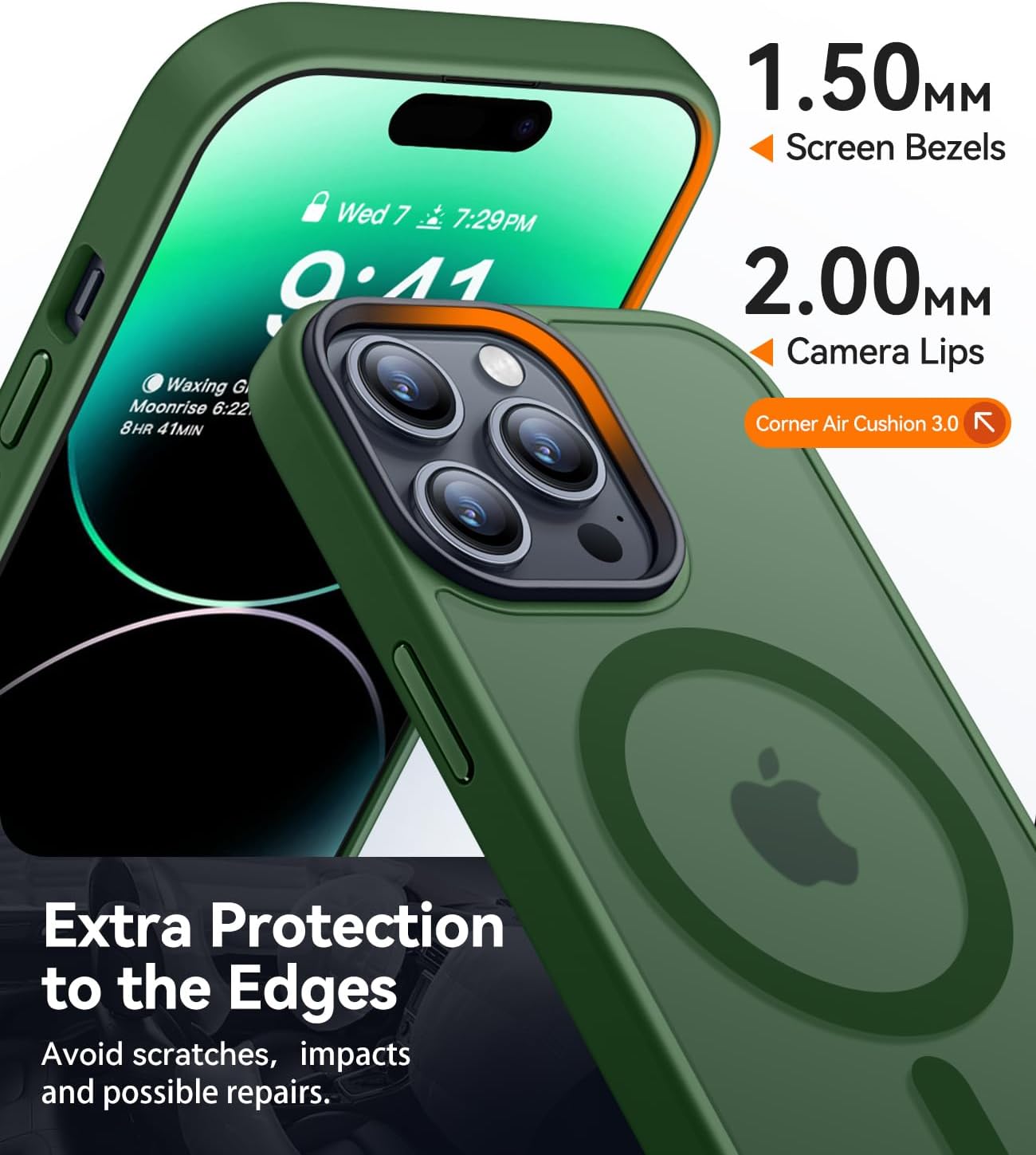 Detalle de CANSHN Cover Magnetica Opaca per iPhone 14 Pro – Verde Scuro, MagSafe, Protezione Antiurto e Materiale Bayer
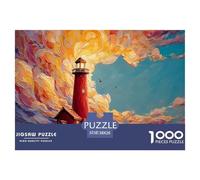 Red Lighthouse Stands Tall on The Coast 1000 Pièces Carton Premium Lot de Puzzles Red Lighthouse Anti-Stress Défi Unique Puzzles As Birthday Gifts 38x26cm/1000pcs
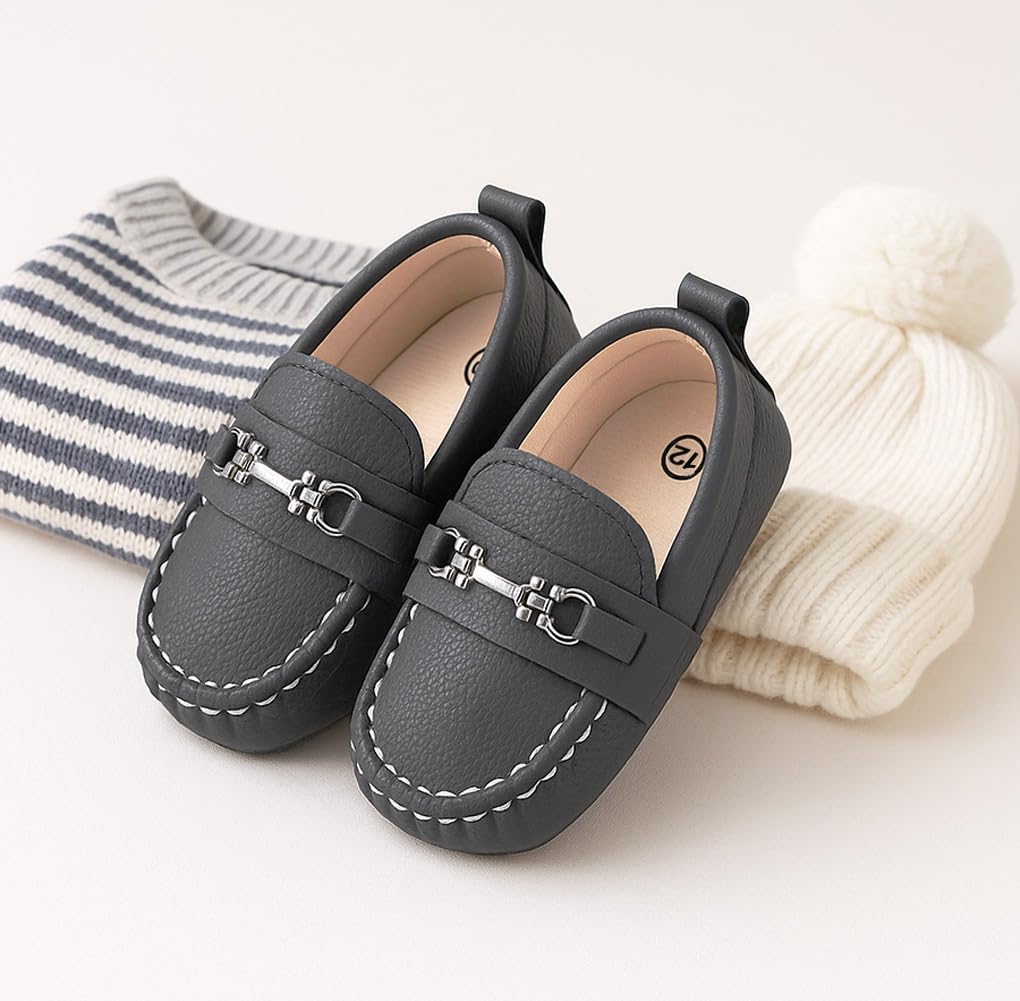LONSOEN Baby Boys Girls Loafers Slip-On Dress Shoes, Gray 0-6Months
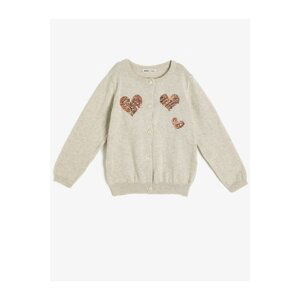 Koton Girl Ecru Sequin Detailed Knitwear Cardigan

▶ **Directions for this task**
Please repeat all of the data exactly, excluding images.

▶ **Response below**
 Detalle de CANSHN Cover Magnetica Opaca per iPhone 14 Pro – Verde Scuro, MagSafe, Protezione Antiurto e Materiale Bayer
 Red Lighthouse Stands Tall on The Coast 1000 Pièces Carton Premium Lot de Puzzles Red Lighthouse Anti-Stress Défi Unique Puzzles As Birthday Gifts 38x26cm/1000pcs
LONSOEN Baby Boys Girls Loafers Slip-On Dress Shoes, Gray 0-6Months
 Koton Girl Ecru Sequin Detailed Knitwear Cardigan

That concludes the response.